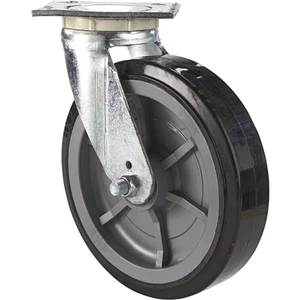 Fairbanks Swivel Weldless Caster, 8in., Model# 1522228110Z - Picture 1 of 11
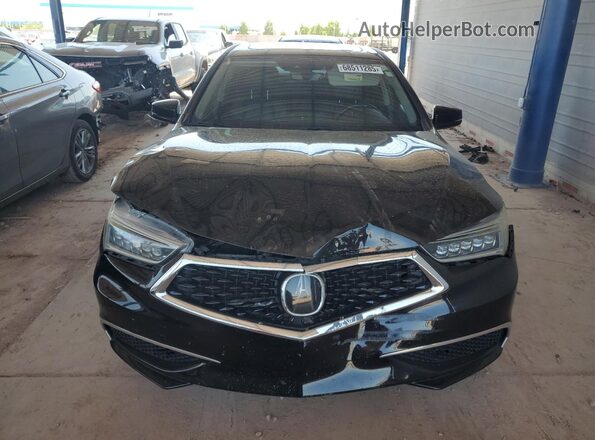 19UUB2F32JA005786 2018 ACURA TLX Black 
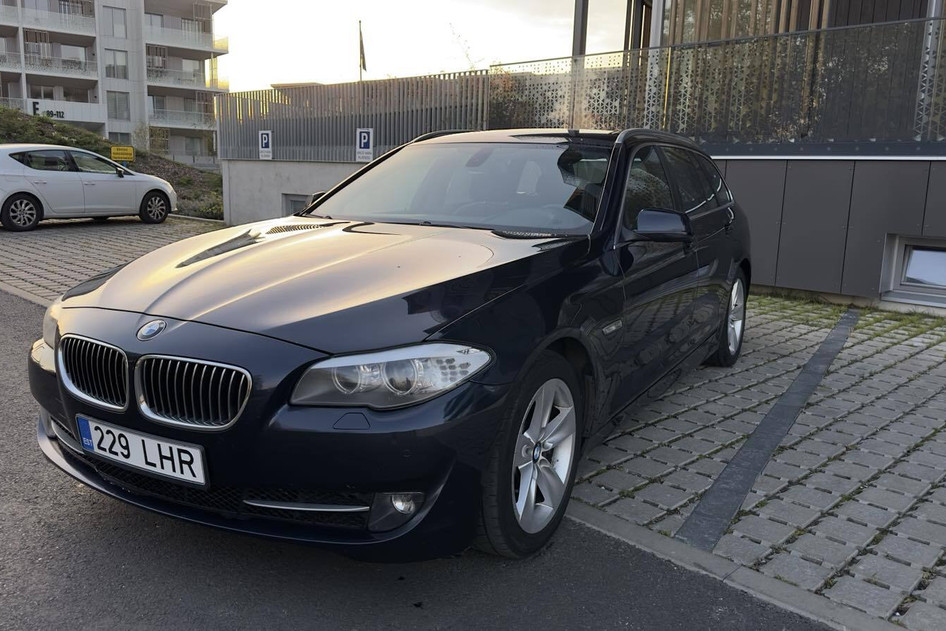 BMW 525, 2011, 3.0, 150 kW, diisel, automaat, tagavedu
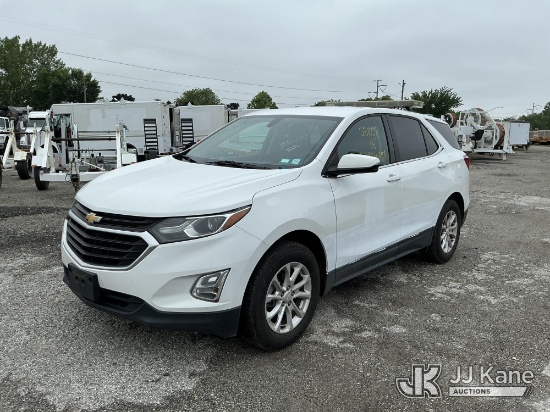 (Plymouth Meeting, PA) 2018 Chevrolet Equinox AWD 4-Door Sport Utility Vehicle Runs & Moves, Body Da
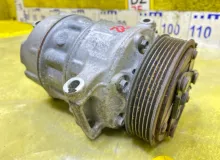 Компрессор кондиционера NISSAN SERENA 2016 926005TA0A GFNC27/GNC27/GFC27/GC27/C27 MR20DD, передний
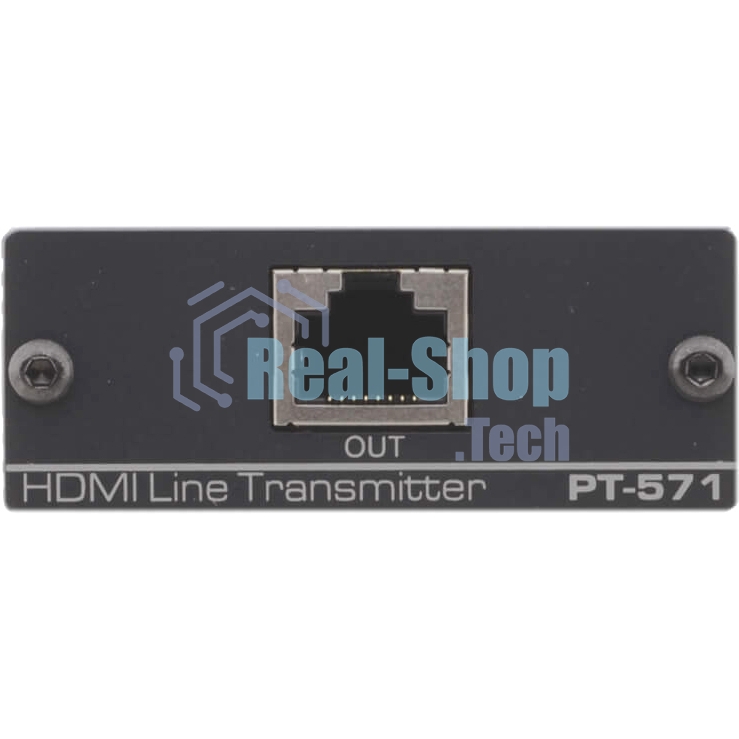 Передатчик Kramer Electronics PT-571 сигнала HDMI в кабель витой пары (TP), поддержка HDCP и HDMI 1.3, совместимость с HDTV, Power Connect, 1.65Gbps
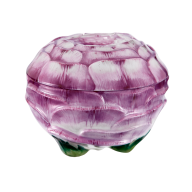 Dose "Rosenrelief", H 6,5 cm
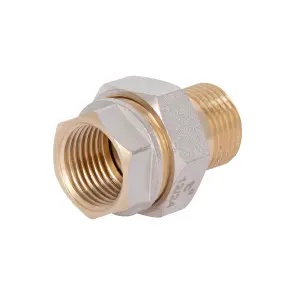 Згін-американка Thermo Alliance Base 1/2"ВЗ нікель, прямий SD190W15 №2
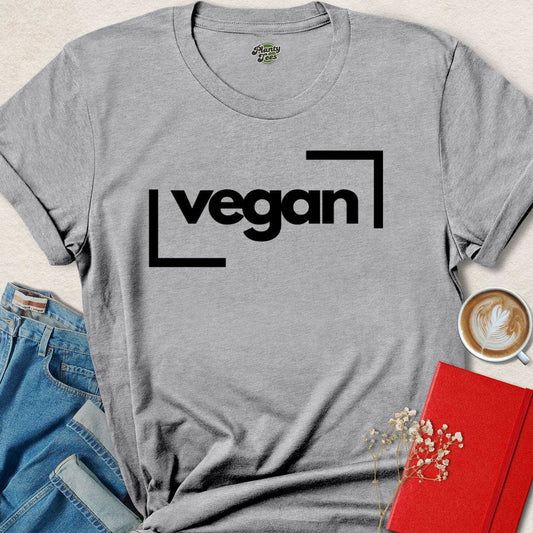 Vegan Square T-Shirt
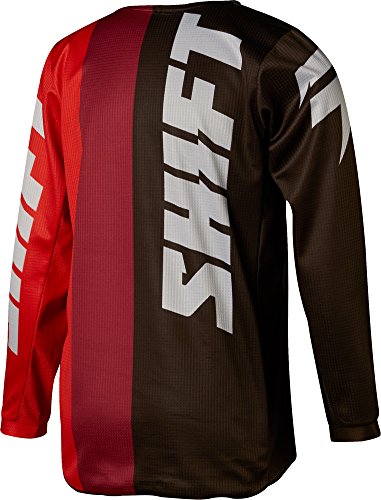 Shift Racing 2018 Youth White Label Tarmac Combo Black/Red Jersey Pants Riding Gear Dirtbike MX ATV Offroad
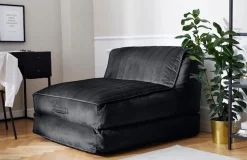Home affaire Relaxsessel »Polly« Loungesessel mit Schlaffunktion, perfekt als Gästebett, Daybed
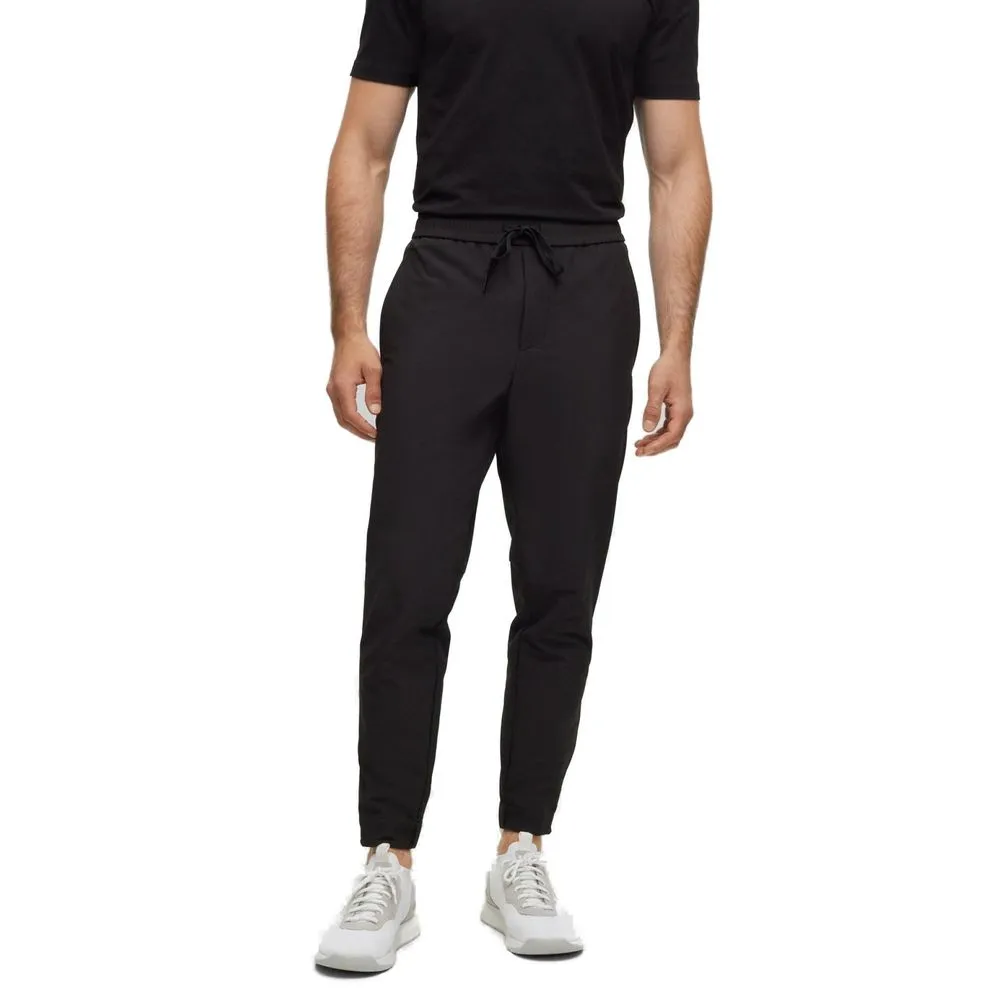 Hugo Boss Men's Black Polyester Jeans & Pant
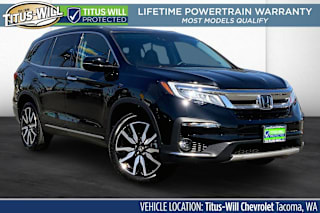 2020 Honda Pilot Elite 5FNYF6H07LB008983 2020 Honda Pilot Elite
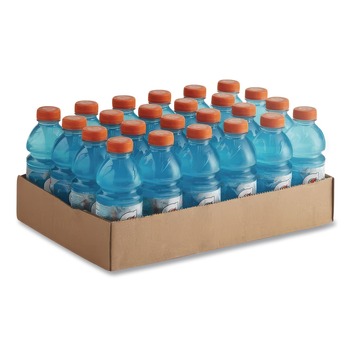 Gatorade 30204 G-Series Perform 02 20 oz. Bottle Thirst Quencher - Glacier Freeze (24/Carton)
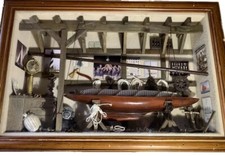 Scottish Fisherman  3D Figures On The Wall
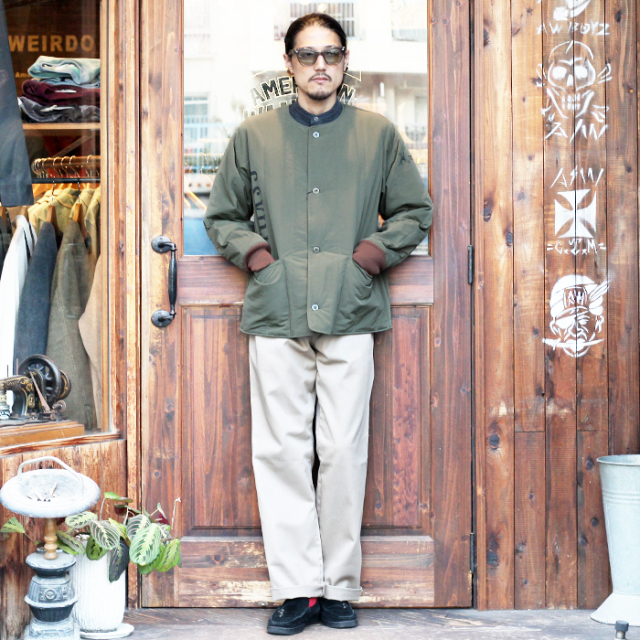 GANGSTERVILLE/ギャングスタービル 「719 - QUILTED JACKET」 プリマ 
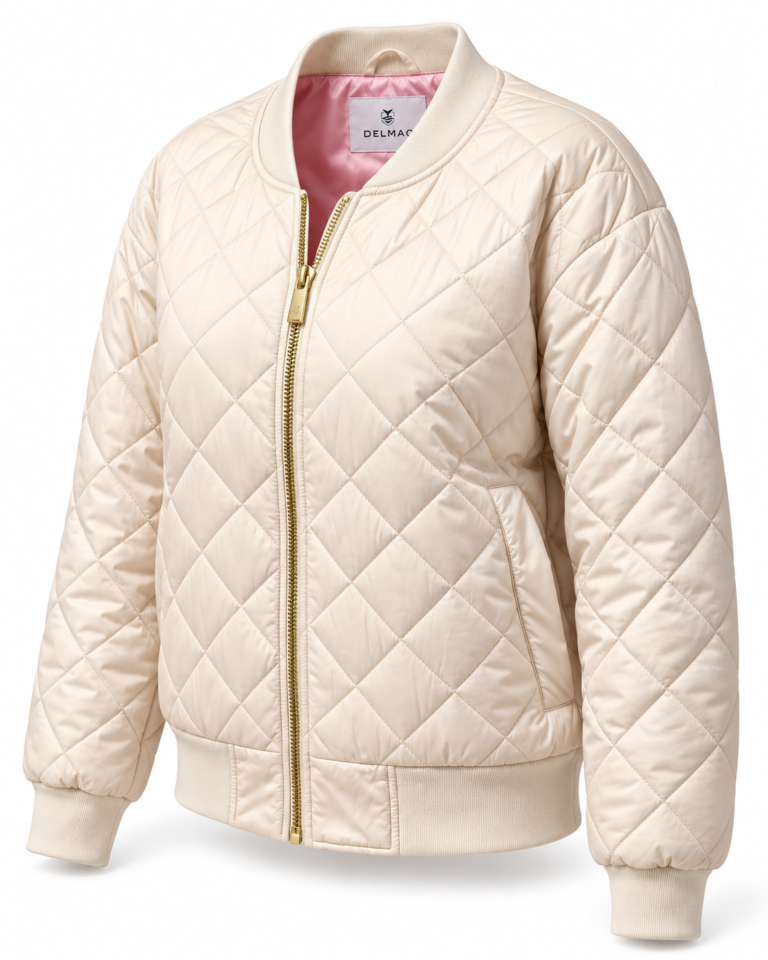 Chaqueta Bomber Acolchada Delmao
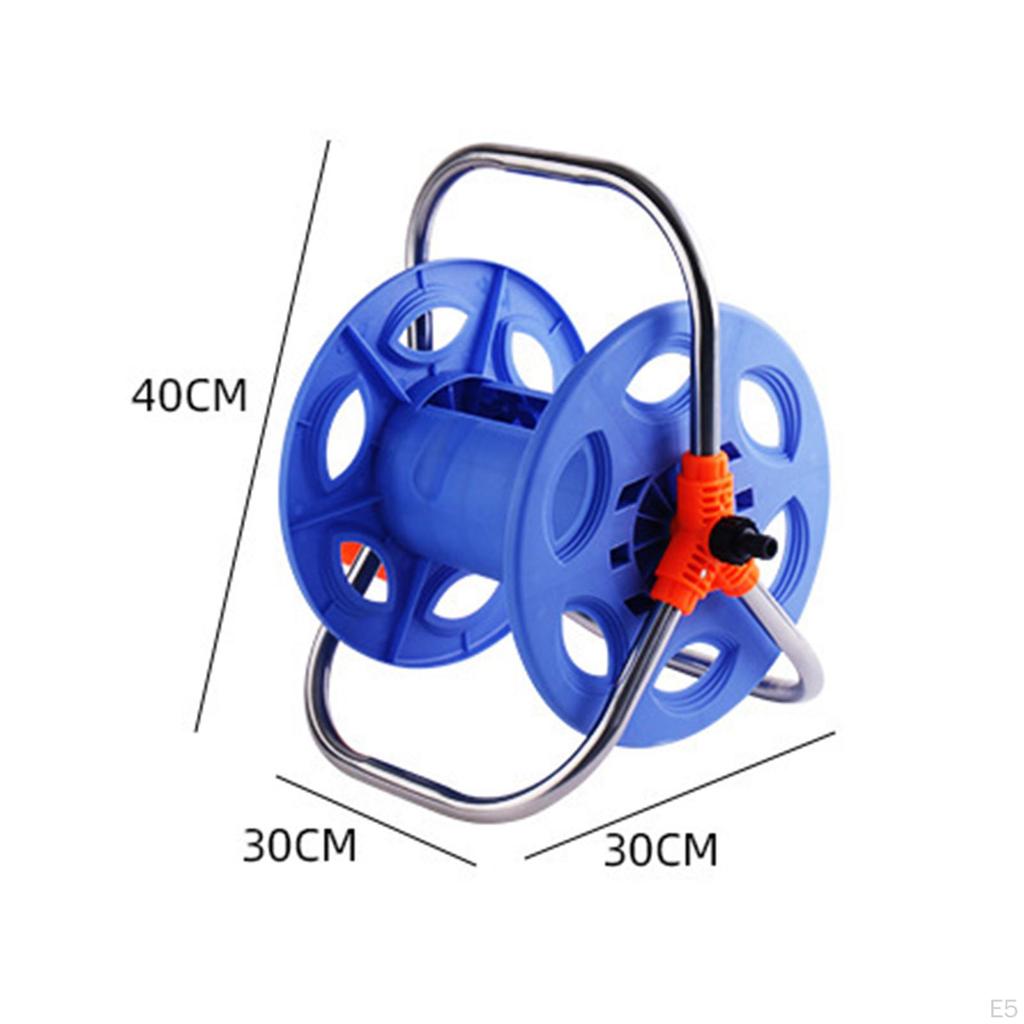 Bodenstehendes Wasserrohr, Gartenschlauchtrommel, Halter, Lagerregal, für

▸ Task requirements:
Both ends included, copy the lines from the one holding "Vegan Square T-Shirt" to the last line of the entries exactly, with all pictures left out.

▸ Expected answer:
 Vegan Square T-Shirt
 Shift Racing 2018 Youth White Label Tarmac Combo Black/Red Jersey Pants Riding Gear Dirtbike MX ATV Offroad
Home affaire Relaxsessel »Polly« Loungesessel mit Schlaffunktion, perfekt als Gästebett, Daybed
 Hugo Boss Men's Black Polyester Jeans & Pant
 2020 Honda Pilot Elite 5FNYF6H07LB008983 2020 Honda Pilot Elite
 Gatorade 30204 G-Series Perform 02 20 oz. Bottle Thirst Quencher - Glacier Freeze (24/Carton)
 Scottish Fisherman  3D Figures On The Wall
 GANGSTERVILLE/ギャングスタービル 「719 - QUILTED JACKET」 プリマ 
 Chaqueta Bomber Acolchada Delmao
 Bodenstehendes Wasserrohr, Gartenschlauchtrommel, Halter, Lagerregal, für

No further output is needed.